BEGIN Extracted material

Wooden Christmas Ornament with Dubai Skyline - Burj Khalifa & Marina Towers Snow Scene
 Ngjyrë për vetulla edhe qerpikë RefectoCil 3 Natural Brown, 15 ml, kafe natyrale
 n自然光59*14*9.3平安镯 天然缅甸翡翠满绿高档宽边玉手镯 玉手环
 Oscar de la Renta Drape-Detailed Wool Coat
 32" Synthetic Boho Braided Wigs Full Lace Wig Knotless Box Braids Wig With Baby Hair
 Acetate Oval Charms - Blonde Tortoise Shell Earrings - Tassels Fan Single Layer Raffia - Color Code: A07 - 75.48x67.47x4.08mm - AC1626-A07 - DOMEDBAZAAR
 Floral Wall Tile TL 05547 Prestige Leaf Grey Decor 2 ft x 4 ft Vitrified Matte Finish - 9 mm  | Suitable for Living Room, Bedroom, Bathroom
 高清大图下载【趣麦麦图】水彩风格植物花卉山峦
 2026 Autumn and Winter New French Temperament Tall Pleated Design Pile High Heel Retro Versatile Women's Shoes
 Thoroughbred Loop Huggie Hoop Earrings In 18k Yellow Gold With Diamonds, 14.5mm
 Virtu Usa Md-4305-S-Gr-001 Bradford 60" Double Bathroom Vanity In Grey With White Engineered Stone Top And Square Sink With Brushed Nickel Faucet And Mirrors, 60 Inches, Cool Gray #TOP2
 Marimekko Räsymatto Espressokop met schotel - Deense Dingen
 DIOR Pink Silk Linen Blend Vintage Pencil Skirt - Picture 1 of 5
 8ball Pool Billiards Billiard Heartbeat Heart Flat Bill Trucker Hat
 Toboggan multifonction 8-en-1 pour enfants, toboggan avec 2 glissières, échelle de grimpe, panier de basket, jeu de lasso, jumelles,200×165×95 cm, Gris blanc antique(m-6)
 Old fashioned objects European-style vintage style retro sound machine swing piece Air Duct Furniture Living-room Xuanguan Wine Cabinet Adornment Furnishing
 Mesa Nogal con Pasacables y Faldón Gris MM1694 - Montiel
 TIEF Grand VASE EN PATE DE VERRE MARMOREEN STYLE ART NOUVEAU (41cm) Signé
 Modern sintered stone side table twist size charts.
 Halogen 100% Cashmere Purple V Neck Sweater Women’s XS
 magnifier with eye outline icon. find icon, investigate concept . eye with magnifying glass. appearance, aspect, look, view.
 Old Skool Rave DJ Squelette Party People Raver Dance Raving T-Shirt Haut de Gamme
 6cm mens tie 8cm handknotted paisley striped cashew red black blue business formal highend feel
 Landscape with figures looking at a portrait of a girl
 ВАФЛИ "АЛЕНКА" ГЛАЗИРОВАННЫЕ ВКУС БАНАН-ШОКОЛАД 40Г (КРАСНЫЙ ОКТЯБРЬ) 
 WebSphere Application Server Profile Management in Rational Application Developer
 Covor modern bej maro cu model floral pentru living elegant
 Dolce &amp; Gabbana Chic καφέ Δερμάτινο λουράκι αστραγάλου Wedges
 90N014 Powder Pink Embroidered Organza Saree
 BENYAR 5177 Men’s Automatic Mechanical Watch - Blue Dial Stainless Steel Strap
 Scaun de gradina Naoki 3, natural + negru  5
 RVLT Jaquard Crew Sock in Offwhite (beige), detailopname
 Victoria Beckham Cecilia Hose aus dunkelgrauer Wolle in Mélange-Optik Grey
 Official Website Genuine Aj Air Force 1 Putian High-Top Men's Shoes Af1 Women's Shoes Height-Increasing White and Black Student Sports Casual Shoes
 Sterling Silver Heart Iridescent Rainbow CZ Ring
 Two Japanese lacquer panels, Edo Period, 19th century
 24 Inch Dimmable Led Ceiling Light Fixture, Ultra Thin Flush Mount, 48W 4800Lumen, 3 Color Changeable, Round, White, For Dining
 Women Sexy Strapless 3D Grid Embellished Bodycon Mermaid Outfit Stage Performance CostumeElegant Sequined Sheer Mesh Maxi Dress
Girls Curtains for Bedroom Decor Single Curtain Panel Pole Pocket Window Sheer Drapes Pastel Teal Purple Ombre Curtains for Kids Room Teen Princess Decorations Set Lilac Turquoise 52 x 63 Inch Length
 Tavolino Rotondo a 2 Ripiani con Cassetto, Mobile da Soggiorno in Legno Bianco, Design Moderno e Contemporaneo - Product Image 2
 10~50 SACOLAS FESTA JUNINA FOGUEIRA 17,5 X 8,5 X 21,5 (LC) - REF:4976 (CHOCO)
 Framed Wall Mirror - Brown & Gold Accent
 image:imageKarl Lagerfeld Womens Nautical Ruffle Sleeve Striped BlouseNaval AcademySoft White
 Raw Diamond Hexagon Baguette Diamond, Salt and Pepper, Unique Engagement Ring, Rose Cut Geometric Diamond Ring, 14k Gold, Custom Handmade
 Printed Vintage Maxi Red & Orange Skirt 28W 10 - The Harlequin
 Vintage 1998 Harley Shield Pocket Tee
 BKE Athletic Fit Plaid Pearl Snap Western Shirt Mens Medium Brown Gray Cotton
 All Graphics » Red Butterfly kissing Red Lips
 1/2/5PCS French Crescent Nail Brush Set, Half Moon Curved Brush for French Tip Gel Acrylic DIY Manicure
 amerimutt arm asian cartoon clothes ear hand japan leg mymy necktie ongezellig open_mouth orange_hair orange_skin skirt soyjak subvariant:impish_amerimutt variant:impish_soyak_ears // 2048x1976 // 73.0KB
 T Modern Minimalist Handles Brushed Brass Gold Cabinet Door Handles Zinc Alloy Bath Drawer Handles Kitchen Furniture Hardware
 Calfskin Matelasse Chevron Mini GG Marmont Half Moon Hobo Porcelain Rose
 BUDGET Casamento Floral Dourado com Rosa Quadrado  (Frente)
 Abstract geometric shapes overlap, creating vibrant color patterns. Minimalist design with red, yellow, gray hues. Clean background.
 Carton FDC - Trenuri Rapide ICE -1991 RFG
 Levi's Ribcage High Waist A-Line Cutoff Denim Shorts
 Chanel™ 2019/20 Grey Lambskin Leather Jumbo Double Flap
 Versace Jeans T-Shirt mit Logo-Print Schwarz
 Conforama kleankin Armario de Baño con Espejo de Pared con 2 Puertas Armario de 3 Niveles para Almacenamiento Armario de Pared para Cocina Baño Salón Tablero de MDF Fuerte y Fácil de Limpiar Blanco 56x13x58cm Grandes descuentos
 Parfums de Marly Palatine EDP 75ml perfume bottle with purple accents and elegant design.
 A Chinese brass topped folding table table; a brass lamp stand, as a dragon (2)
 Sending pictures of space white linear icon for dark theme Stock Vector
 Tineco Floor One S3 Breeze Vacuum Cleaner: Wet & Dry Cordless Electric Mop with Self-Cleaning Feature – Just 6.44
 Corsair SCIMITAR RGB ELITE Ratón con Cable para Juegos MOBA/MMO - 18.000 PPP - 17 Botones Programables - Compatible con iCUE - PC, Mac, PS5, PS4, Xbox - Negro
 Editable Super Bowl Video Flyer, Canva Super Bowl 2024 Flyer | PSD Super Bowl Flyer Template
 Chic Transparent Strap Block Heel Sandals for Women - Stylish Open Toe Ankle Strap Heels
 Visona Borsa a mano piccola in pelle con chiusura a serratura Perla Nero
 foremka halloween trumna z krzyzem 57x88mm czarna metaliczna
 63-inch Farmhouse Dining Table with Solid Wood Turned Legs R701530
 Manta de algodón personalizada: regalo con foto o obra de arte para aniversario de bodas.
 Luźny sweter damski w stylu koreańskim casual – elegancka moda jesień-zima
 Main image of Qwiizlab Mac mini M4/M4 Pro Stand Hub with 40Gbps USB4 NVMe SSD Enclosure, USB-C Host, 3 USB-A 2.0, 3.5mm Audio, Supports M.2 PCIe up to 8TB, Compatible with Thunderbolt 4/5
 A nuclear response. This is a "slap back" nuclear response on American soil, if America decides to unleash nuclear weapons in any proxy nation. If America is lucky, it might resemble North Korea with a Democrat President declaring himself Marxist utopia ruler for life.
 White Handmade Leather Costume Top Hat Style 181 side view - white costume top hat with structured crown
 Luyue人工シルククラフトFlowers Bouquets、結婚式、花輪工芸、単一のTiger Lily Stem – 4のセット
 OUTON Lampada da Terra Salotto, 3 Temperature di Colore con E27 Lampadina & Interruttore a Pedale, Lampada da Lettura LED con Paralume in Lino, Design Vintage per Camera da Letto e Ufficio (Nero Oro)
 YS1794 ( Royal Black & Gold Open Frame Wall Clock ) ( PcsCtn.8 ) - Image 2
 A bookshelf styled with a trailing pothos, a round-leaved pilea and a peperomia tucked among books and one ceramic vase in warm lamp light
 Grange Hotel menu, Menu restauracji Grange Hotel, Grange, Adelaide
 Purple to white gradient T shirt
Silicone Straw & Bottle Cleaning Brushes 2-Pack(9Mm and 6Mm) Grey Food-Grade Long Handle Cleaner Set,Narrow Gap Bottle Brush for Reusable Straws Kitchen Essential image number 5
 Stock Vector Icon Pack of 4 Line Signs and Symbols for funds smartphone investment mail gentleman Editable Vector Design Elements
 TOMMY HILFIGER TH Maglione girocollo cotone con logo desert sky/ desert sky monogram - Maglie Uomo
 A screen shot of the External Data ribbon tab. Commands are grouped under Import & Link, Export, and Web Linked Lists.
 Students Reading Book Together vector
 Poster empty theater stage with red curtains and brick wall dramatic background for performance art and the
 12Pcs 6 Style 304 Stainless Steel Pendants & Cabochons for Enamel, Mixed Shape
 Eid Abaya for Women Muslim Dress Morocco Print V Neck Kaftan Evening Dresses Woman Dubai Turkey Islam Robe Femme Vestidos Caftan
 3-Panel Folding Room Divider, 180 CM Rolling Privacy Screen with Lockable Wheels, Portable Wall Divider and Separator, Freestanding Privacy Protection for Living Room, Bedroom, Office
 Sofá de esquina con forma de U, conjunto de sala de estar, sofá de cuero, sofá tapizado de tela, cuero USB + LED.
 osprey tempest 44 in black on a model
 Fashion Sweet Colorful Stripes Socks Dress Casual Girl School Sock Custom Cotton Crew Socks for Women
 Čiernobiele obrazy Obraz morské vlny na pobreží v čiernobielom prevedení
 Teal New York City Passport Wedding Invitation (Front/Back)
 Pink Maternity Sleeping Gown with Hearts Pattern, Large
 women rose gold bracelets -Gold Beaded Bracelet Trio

END Extracted material

> **Task**:
Write down exactly the span of lines above from the one containing "Main image of" to the one containing "Luyue人工シルククラフトFlowers Bouquets、結婚式、花輪工芸、単一のTiger Lily", both ends included.

> **Expected output**:
 Main image of Qwiizlab Mac mini M4/M4 Pro Stand Hub with 40Gbps USB4 NVMe SSD Enclosure, USB-C Host, 3 USB-A 2.0, 3.5mm Audio, Supports M.2 PCIe up to 8TB, Compatible with Thunderbolt 4/5
 A nuclear response. This is a "slap back" nuclear response on American soil, if America decides to unleash nuclear weapons in any proxy nation. If America is lucky, it might resemble North Korea with a Democrat President declaring himself Marxist utopia ruler for life.
 White Handmade Leather Costume Top Hat Style 181 side view - white costume top hat with structured crown
 Luyue人工シルククラフトFlowers Bouquets、結婚式、花輪工芸、単一のTiger Lily Stem – 4のセット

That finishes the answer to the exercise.